BEGIN Given records

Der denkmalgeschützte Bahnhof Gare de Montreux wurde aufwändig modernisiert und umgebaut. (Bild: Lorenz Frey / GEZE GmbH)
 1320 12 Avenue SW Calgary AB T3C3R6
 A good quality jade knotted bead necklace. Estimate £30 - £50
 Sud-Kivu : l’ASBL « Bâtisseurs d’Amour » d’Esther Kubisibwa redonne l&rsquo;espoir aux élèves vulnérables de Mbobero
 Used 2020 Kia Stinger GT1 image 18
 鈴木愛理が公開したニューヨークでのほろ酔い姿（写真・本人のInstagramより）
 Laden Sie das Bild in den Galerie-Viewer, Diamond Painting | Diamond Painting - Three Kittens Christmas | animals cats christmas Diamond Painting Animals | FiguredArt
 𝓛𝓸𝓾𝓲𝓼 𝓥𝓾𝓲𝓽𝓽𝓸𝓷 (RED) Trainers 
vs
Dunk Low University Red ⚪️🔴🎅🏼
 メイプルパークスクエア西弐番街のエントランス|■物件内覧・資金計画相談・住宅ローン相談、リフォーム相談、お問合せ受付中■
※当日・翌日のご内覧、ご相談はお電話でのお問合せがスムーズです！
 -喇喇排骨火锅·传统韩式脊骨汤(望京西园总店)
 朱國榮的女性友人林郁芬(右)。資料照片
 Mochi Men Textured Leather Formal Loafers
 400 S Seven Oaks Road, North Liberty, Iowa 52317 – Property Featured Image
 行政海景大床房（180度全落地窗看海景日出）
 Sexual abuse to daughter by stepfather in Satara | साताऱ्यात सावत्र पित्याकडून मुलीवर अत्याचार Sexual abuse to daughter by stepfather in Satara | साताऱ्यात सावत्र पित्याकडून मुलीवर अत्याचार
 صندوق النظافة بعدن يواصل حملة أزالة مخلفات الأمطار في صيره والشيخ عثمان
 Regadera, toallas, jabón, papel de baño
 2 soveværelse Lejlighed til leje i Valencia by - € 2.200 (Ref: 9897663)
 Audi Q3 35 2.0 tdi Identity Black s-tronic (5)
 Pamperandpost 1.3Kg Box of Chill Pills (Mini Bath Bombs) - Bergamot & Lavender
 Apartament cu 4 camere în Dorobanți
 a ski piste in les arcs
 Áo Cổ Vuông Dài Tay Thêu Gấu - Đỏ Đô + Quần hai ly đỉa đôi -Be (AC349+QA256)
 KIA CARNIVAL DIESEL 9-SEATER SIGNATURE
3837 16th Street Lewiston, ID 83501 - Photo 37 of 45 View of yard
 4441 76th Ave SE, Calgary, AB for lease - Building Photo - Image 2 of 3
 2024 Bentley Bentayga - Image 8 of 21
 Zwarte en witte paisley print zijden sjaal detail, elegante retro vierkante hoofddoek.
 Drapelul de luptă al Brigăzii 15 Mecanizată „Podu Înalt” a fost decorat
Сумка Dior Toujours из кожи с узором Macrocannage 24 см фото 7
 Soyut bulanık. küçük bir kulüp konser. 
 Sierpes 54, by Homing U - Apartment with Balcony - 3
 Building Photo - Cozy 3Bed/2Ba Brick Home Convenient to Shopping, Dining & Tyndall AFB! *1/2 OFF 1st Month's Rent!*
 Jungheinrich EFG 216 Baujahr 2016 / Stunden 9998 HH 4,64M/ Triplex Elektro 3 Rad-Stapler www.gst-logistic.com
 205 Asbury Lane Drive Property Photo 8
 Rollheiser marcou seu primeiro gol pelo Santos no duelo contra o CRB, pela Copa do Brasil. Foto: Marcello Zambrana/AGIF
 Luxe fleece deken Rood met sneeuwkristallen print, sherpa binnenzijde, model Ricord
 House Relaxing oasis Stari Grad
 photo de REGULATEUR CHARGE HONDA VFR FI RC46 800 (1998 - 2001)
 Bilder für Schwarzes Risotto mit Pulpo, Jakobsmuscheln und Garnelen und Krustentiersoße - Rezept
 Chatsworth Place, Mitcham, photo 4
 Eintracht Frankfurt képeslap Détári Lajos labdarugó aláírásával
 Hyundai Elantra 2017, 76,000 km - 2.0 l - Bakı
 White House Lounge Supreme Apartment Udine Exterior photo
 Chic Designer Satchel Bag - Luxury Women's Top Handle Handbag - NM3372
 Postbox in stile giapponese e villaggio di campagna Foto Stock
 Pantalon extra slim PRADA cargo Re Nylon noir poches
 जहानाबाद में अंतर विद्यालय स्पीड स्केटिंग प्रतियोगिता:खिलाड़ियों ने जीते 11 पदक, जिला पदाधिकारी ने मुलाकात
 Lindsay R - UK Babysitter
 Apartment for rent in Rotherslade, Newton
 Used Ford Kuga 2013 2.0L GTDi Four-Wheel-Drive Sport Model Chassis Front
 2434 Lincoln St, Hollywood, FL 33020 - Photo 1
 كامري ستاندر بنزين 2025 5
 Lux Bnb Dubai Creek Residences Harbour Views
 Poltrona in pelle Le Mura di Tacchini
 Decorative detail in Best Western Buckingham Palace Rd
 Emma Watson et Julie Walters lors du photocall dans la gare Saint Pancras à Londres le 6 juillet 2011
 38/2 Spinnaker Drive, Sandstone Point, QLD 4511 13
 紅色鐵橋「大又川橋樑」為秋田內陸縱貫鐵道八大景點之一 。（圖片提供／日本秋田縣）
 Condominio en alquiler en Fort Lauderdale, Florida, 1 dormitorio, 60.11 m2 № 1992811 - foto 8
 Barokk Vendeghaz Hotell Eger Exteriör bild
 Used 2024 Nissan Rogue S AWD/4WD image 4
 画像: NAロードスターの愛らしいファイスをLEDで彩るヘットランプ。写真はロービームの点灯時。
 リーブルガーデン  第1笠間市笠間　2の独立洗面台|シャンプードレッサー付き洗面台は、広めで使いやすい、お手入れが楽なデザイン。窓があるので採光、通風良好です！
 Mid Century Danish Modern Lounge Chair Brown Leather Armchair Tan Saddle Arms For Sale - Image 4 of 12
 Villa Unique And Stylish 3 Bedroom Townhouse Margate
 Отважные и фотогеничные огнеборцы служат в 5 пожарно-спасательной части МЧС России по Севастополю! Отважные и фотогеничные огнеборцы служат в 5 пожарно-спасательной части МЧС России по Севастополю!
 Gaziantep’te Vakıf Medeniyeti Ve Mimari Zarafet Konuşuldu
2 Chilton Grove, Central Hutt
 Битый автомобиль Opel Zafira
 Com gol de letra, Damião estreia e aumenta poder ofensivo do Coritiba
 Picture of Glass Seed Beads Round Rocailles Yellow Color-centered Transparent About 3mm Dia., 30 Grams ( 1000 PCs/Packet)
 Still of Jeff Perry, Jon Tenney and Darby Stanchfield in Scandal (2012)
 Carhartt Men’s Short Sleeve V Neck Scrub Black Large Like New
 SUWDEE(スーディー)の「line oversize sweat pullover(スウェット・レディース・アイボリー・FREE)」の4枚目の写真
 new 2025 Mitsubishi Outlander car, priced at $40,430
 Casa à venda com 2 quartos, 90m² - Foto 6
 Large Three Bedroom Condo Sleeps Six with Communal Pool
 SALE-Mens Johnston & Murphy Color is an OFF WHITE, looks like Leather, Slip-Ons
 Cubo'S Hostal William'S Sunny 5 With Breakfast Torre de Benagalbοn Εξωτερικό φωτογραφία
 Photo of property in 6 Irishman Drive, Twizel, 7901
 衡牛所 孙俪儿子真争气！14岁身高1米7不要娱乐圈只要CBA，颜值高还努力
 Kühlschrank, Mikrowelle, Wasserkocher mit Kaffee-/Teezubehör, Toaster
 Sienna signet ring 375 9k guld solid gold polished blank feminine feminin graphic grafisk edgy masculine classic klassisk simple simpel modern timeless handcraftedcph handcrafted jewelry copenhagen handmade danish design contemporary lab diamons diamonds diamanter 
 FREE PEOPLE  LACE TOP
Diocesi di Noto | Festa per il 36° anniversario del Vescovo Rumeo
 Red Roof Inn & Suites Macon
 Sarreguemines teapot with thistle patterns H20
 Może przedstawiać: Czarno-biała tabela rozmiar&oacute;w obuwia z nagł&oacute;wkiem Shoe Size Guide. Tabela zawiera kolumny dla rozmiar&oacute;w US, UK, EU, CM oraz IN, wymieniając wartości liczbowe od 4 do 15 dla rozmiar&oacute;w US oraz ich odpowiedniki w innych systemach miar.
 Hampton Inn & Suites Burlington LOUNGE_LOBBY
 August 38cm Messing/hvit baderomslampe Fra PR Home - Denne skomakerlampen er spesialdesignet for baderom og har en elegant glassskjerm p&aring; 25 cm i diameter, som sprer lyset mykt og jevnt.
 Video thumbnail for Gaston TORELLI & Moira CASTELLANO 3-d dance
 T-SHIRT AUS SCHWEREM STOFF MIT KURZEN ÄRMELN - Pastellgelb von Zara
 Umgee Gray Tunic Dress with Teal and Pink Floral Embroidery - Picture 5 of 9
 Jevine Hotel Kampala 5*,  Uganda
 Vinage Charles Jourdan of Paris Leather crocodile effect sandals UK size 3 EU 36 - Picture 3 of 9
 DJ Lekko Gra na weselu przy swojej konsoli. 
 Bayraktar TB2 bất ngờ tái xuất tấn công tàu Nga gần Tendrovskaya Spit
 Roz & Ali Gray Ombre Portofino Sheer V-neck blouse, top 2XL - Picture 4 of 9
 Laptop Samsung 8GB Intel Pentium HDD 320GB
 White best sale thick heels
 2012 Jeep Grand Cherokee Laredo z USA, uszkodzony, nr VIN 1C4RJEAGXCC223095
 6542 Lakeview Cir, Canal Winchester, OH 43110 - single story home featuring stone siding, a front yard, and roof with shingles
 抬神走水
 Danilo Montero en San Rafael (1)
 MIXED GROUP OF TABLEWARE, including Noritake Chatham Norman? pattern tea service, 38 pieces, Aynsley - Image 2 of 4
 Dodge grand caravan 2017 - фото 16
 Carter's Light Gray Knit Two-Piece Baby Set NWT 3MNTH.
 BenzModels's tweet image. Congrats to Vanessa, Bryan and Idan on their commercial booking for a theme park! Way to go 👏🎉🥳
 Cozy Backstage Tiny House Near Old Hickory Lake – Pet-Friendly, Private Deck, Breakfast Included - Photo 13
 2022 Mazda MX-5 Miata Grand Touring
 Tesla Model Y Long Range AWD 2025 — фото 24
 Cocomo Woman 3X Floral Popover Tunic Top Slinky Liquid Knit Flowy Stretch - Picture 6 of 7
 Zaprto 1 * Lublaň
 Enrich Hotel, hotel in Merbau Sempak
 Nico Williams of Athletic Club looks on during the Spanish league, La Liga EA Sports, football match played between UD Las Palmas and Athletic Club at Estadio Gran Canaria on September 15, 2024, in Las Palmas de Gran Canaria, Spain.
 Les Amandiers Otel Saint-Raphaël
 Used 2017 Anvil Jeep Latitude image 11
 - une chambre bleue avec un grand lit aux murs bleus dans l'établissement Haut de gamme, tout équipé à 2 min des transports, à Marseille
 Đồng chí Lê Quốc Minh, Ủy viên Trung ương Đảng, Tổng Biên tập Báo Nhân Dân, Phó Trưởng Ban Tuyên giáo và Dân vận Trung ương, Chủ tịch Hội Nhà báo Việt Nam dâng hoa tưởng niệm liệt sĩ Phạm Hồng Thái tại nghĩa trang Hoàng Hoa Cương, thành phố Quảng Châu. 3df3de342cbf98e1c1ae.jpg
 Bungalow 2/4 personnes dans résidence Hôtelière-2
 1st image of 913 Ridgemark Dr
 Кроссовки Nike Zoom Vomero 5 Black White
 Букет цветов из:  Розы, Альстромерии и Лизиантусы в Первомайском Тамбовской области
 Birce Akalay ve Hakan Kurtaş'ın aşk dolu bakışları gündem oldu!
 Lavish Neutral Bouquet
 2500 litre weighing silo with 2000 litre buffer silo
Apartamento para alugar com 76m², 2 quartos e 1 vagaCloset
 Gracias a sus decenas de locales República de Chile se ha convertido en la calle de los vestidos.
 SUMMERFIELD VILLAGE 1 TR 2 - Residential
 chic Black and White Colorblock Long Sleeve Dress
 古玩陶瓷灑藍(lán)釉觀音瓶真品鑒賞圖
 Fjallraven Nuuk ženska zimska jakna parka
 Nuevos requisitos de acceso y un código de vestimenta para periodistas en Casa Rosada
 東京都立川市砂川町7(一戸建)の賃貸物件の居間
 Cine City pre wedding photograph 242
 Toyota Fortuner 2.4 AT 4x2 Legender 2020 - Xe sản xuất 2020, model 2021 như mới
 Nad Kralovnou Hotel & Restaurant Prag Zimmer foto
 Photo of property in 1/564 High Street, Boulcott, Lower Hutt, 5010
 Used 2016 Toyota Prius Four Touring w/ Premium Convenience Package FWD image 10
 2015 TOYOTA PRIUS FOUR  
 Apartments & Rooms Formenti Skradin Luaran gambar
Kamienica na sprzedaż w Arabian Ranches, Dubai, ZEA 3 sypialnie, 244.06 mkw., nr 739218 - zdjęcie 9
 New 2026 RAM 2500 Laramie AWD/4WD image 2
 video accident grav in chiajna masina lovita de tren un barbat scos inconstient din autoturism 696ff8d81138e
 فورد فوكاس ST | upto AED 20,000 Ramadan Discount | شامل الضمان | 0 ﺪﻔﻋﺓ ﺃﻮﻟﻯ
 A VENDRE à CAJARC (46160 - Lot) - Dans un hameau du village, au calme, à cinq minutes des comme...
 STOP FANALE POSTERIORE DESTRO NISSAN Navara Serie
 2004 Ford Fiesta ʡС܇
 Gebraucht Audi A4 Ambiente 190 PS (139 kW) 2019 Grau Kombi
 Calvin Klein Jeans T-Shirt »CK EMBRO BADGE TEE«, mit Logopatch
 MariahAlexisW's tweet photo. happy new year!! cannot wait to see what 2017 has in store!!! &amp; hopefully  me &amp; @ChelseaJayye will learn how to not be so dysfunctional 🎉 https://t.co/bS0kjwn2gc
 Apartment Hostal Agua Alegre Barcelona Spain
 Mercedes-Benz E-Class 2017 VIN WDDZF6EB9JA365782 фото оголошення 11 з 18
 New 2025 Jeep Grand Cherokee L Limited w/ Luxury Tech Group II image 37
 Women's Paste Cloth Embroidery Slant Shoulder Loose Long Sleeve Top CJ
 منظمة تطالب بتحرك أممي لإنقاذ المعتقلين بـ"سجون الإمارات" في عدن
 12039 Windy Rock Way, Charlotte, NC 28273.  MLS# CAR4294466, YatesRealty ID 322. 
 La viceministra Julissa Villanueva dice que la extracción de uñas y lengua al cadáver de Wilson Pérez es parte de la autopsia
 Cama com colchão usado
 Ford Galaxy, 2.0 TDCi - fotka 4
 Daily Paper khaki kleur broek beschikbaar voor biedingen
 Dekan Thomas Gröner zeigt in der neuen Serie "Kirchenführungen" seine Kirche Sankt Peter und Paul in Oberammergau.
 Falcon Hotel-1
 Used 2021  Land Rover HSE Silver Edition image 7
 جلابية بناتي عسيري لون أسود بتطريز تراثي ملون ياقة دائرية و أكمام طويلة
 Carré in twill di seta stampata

END Given records

* Instructions to follow: The word to find is "Three". Copy every line of the records that holds it.

* Finished exercise:
 Laden Sie das Bild in den Galerie-Viewer, Diamond Painting | Diamond Painting - Three Kittens Christmas | animals cats christmas Diamond Painting Animals | FiguredArt
 Large Three Bedroom Condo Sleeps Six with Communal Pool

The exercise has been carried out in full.